*Entries shown*.
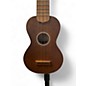 Used Martin S-O Uke Natural Ukulele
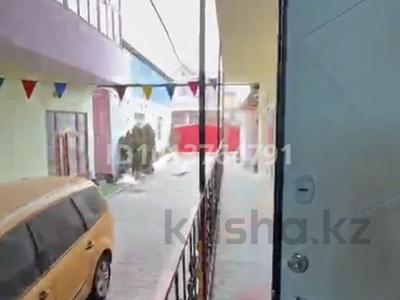 2-бөлмелі пәтер · 20 м² · 1/1 қабат, Кудайбердиева 90 — Не далеко от талгарской трассы, бағасы: 150 000 ₸ в 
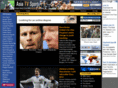 asiatvsport.com
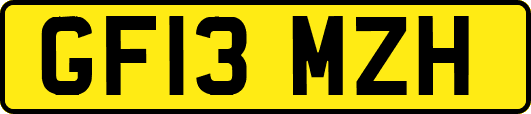 GF13MZH
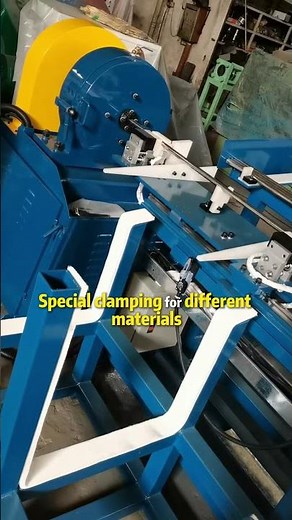 Stop Pointing from Damaging Your Tubes & Bars!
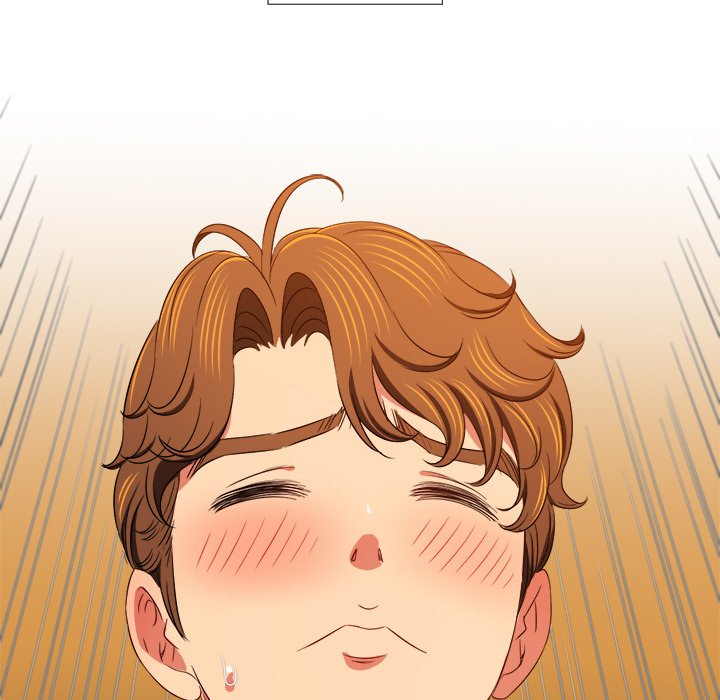 My High School Bully - Chapter 199 - picture 44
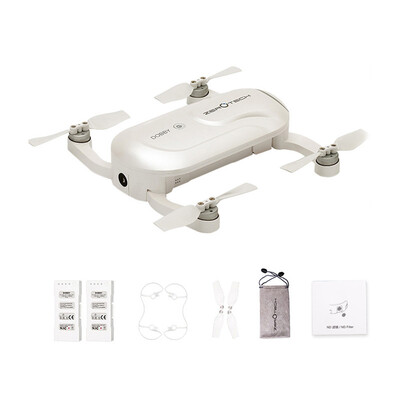 

Nero-degree DOBBY Custom Stickers (Рождественское издание Red)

*Goal of the exercise*.
Set down exactly the lines between the one with "asiatvsport.com" and the last line of the material above, both included, but none of the pictures.

*Response to this task*.
 asiatvsport.com
 GF13MZH
 Stop Pointing from Damaging Your Tubes & Bars!
 My High School Bully - Chapter 199 - picture 44

Nero-degree DOBBY Custom Stickers (Рождественское издание Red)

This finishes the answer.